> WHAT NEEDS TO BE DONE
With the pictures left out, retype exactly the lines below starting at the line that contains "Homework – worksheet" and ending at the line that contains "Type instructions as if you are explaining".

> STUDY MATERIAL
::::::::::
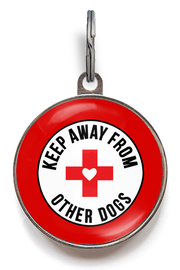 Keep Away from Other Dogs Dog Tag For Immunosuppressed Pups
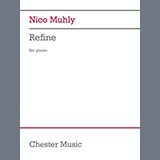 Download or print Nico Muhly Refine Sheet Music Printable PDF 6-page score for Classical / arranged Piano Solo SKU: 1697767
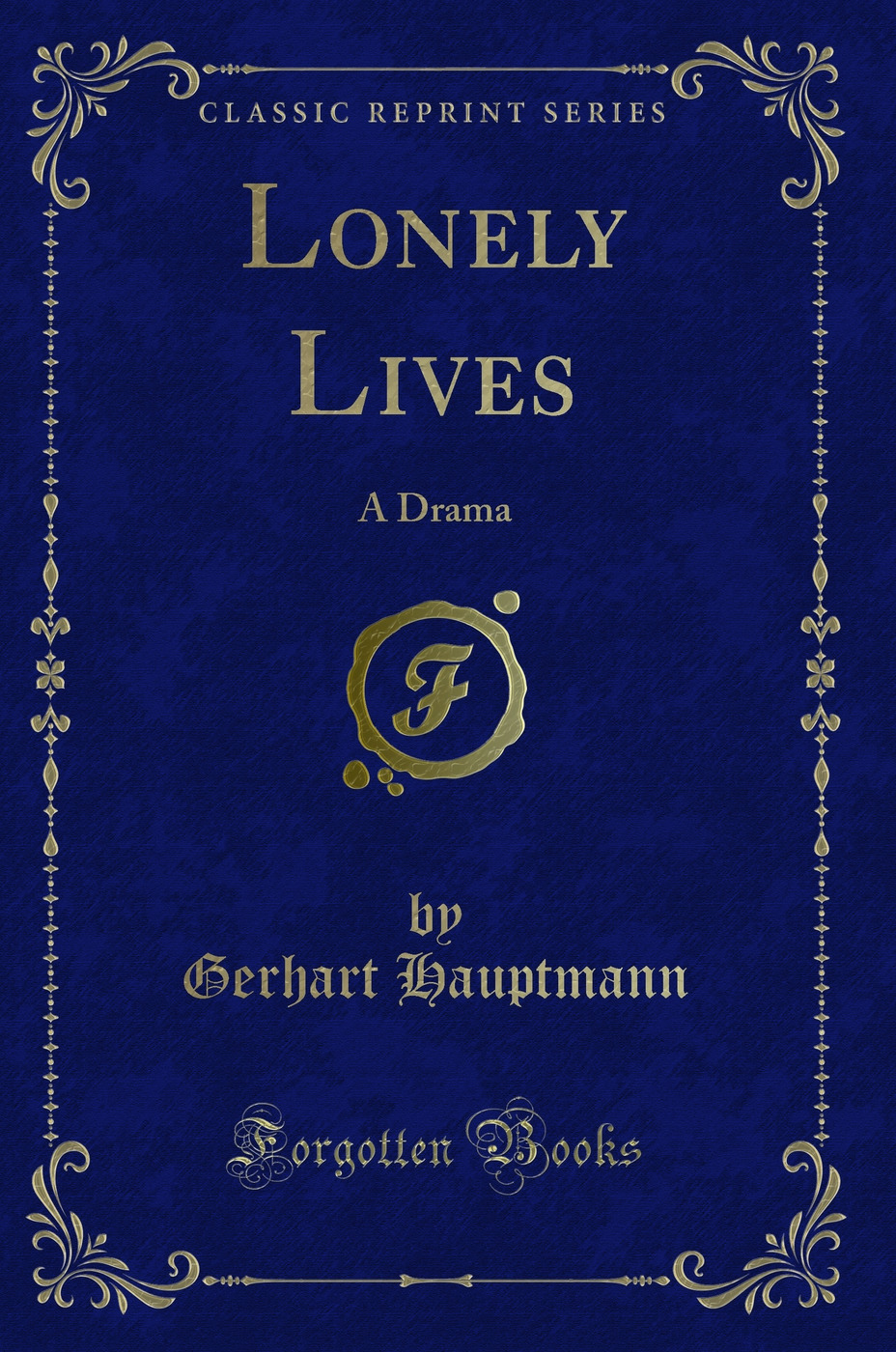 Lonely Lives: A Drama (Classic Reprint)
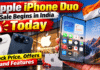 Apple iPhone Duo Sale Begins in India Today : Check Price, Offers and Features Apple iPhone Duo Sale Begins in India Today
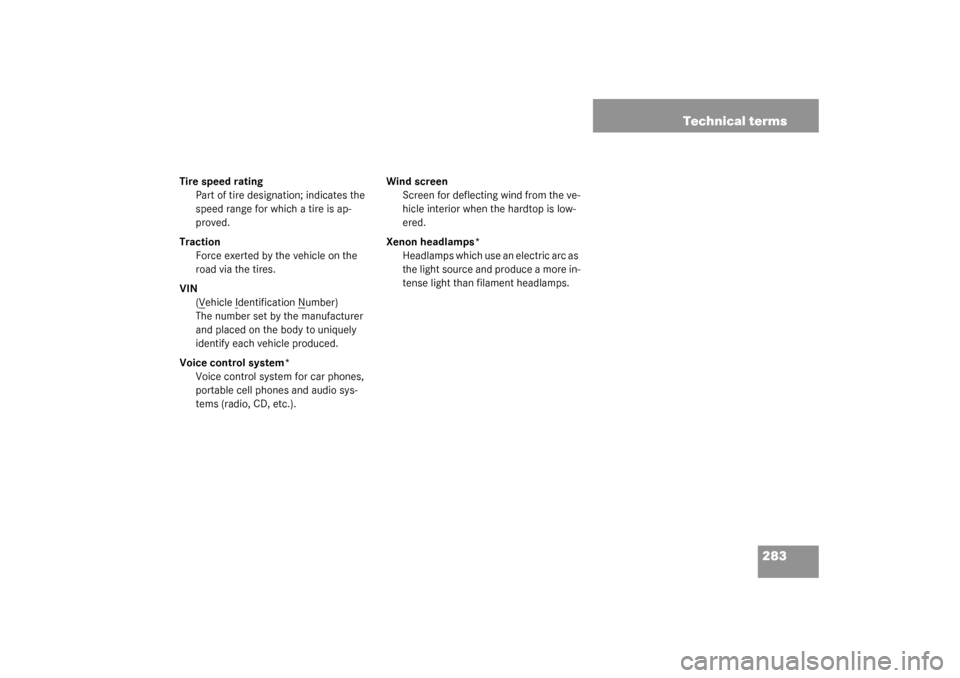 MERCEDES-BENZ SLK320 2003 R170 Owners Manual 283 Technical terms
Tire speed rating
Part of tire designation; indicates the 
speed range for which a tire is ap-
proved.
Traction
Force exerted by the vehicle on the 
road via the tires.
VIN
(V
ehic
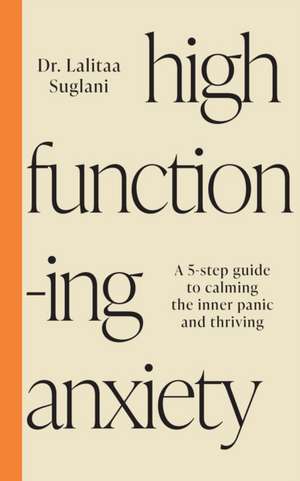 High-Functioning Anxiety de Lalitaa Suglani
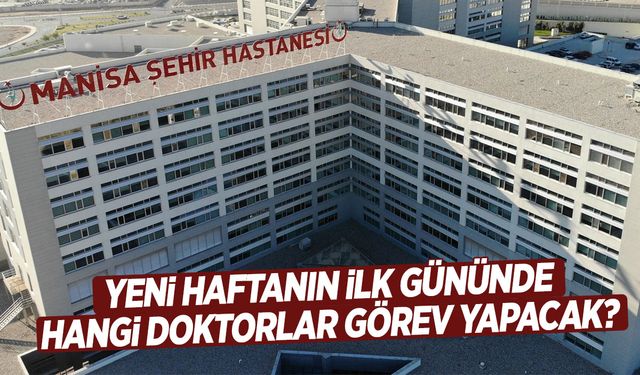 Manisa’da Pazartesi günü görevli doktorlar açıklandı! 11 Kasım 2024 Pazartesi görevli doktorlar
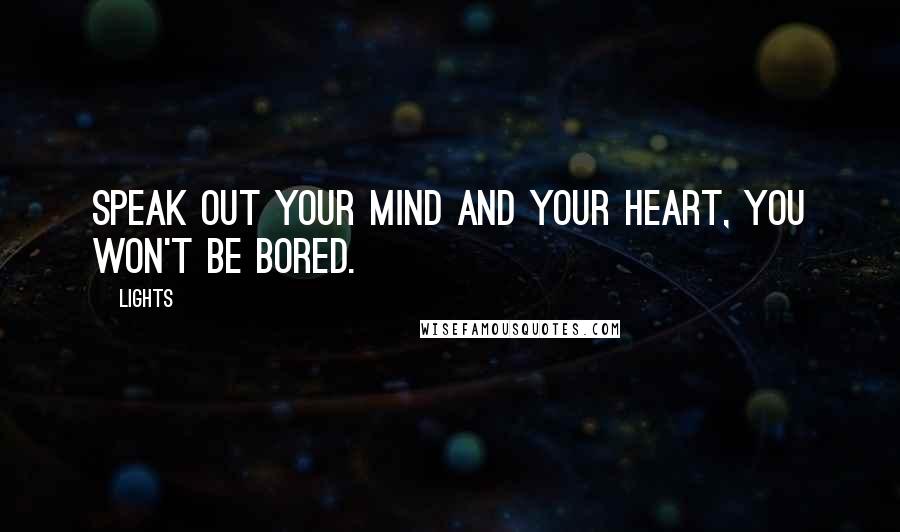 Lights Quotes: Speak out your mind and your heart, you won't be bored.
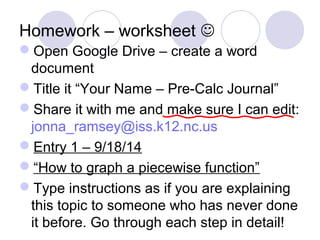 Homework – worksheet
Open Google Drive – create a word
document
Title it “Your Name – Pre-Calc Journal”
Share it with me and make sure I can edit:
jonna_ramsey@iss.k12.nc.us
Entry 1 – 9/18/14
“How to graph a piecewise function”
Type instructions as if you are explaining
this topic to someone who has never done
it before. Go through each step in detail!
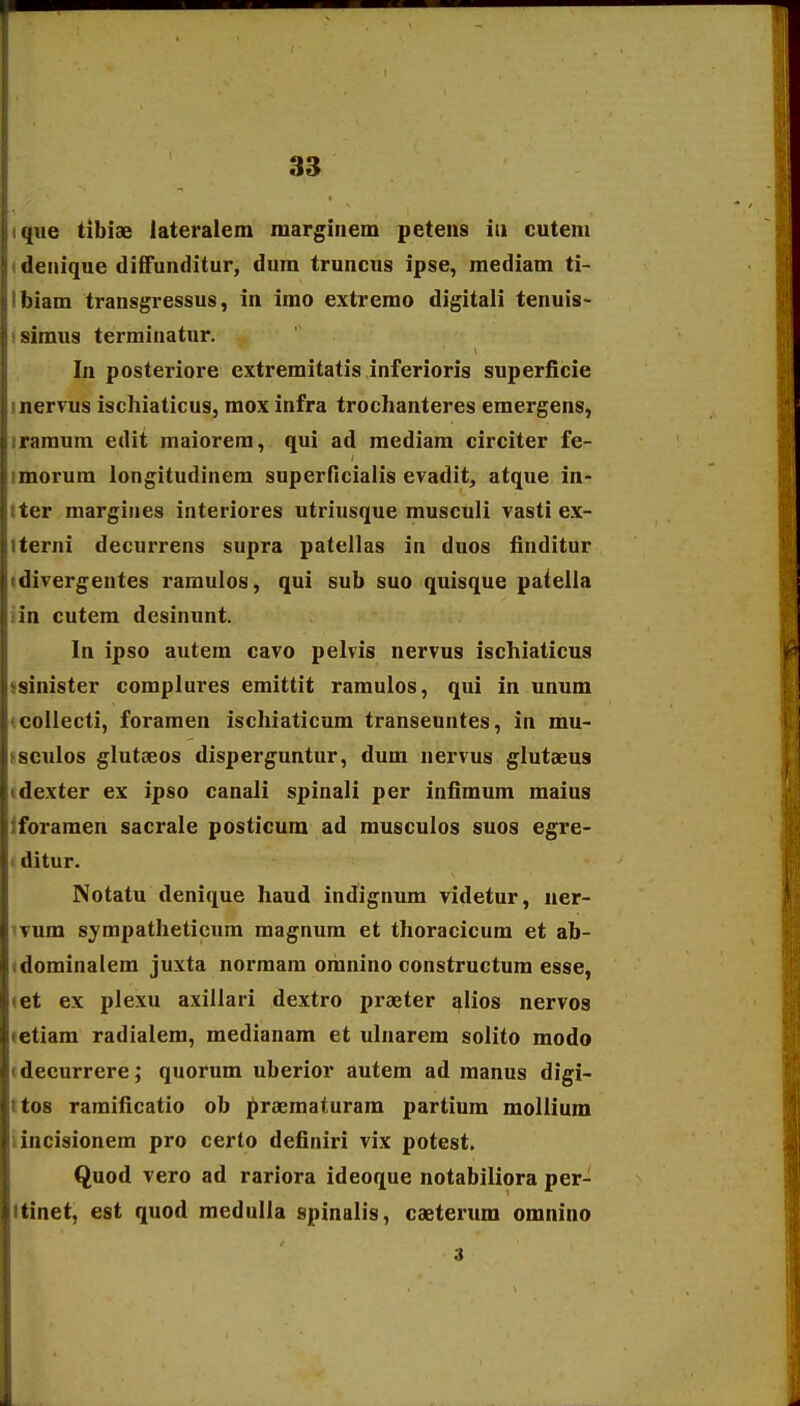 ique tibiae lateralem marginem petens iii cuteni idenique diffunditur, dum truncus ipse, mediam ti- Ibiam transgressus, in imo extremo digitali tenuis- isimus termiaatur. In posteriore extremitatis inferioris superficie inervus ischiaticus, mox infra trochanteres emergens, iramum edit maiorera, qui ad mediam circiter fe- imorum longitudinem superflcialis evadit, atque in- tter margines interiores utriusque musculi vasti ex- tterni decurrens supra patellas in duos finditur idivergentes ramulos, qui sub suo quisque patella iin cutem desinunt. In ipso autem cavo pelvis nervus ischiaticus ssinister complures emittit ramulos, qui in unum (collecti, foramen ischiaticum transeuntes, in mu- ^sculos glutseos disperguntur, dum nervus glutaeus (dexter ex ipso canali spinali per infimum maius iforamen sacrale posticum ad musculos suos egre- I ditur. Notatu denique haud indignum videtur, uer- 'Tum sympatheticum magnum et thoracicum et ab- idominalem juxta normam omnino oonstructum esse, let ex plexu axillari dextro praeter alios nervos letiam radialem, medianam et ulnarem solito modo tdecurrere; quorum uberior autem ad manus digi- ttos ramificatio ob praematuram partium mollium iincisionem pro certo definiri vix potest. Quod vero ad rariora ideoque notabiliora per- itinet, est quod medulla spinalis, caeterum omnino 3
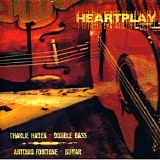 Charlie Haden & Antonio Forcione - Heartplay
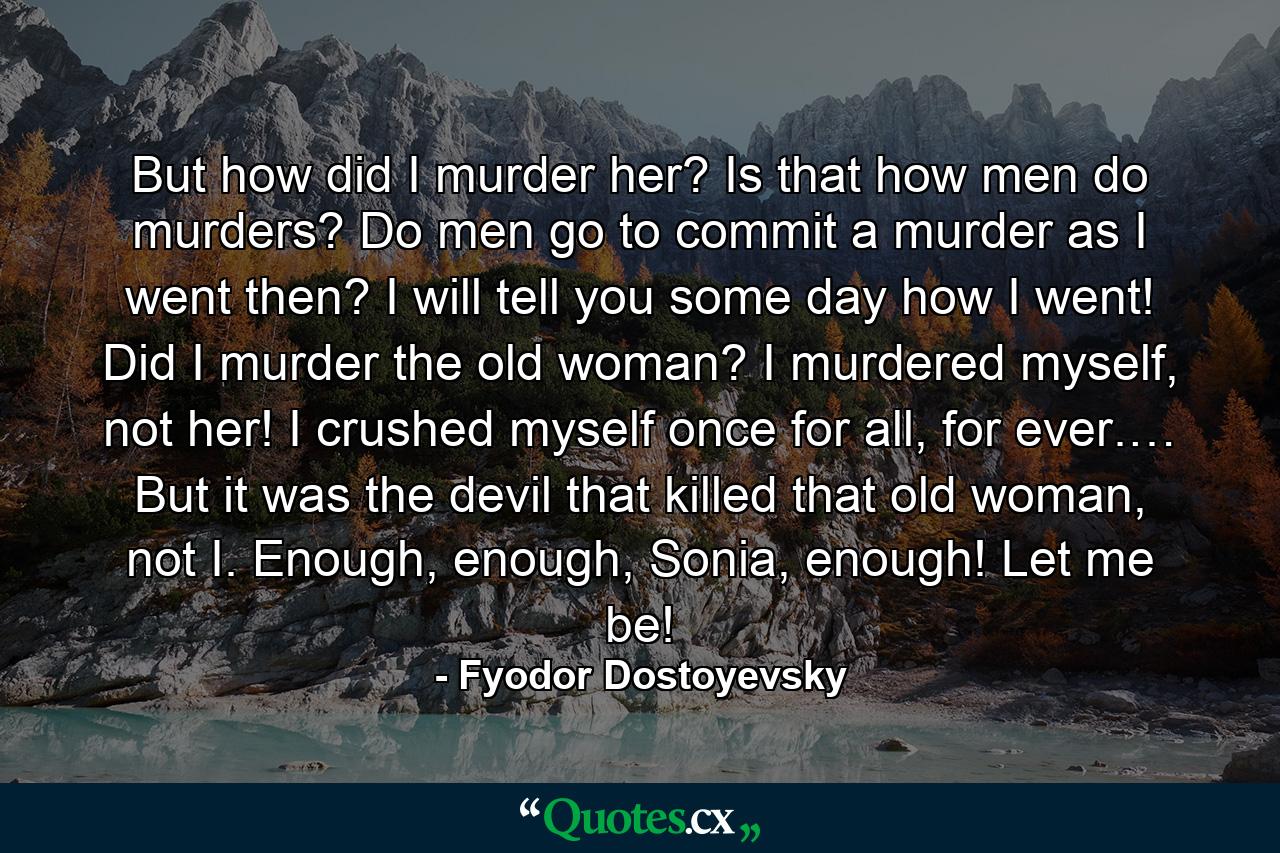 But how did I murder her? Is that how men do murders? Do men go to commit a murder as I went then? I will tell you some day how I went! Did I murder the old woman? I murdered myself, not her! I crushed myself once for all, for ever.… But it was the devil that killed that old woman, not I. Enough, enough, Sonia, enough! Let me be! - Quote by Fyodor Dostoyevsky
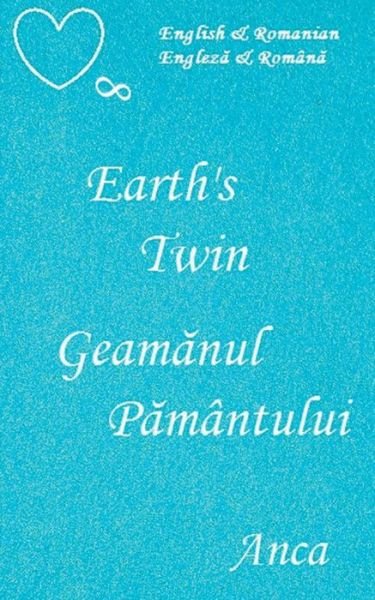 Cover for Anca · Earth's Twin Geam Nul P Mantului (Paperback Book) (2014)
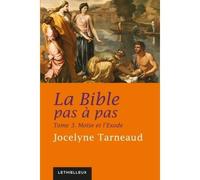 La Bible pas à pas Moïse et l'Exode - Jocelyne Tarneaud - Lethielleux - broché - Etude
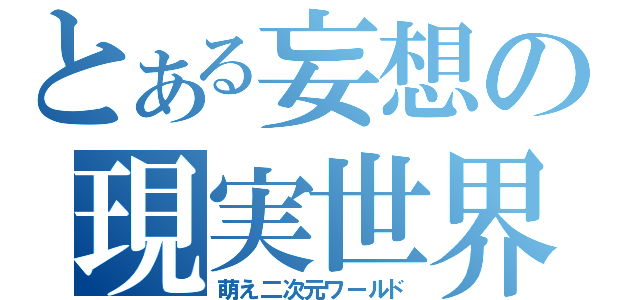 とある妄想の現実世界（萌え二次元ワールド）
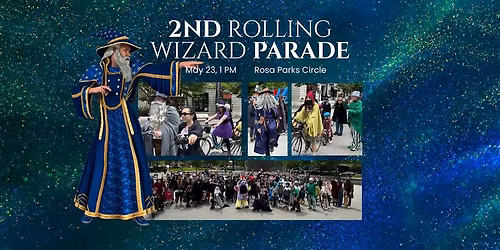 2nd Annual Enchanted Rolling Wizard Parade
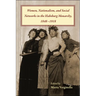 Women, Nationalism, and Social Networks in the Habsburg Monarchy, 1848-1918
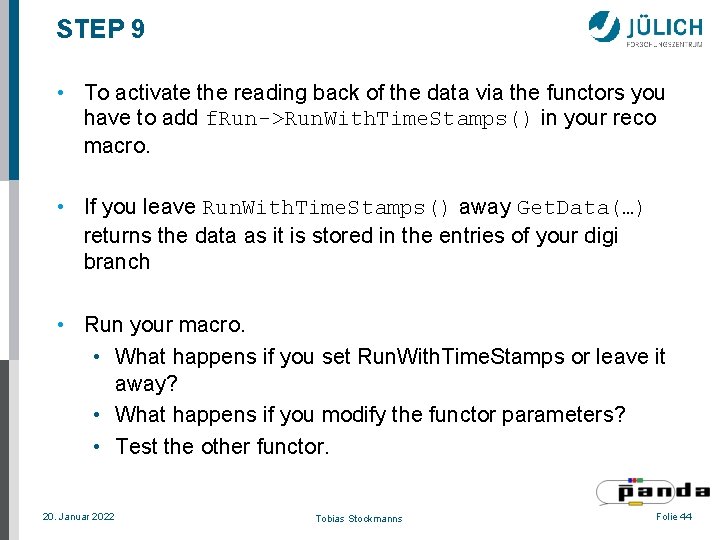 STEP 9 • To activate the reading back of the data via the functors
::::::::::
> SOLUTION
 Homework – worksheet
Open Google Drive – create a word
document
Title it “Your Name – Pre-Calc Journal”
Share it with me and make sure I can edit:
jonna_ramsey@iss.k12.nc.us
Entry 1 – 9/18/14
“How to graph a piecewise function”
Type instructions as if you are explaining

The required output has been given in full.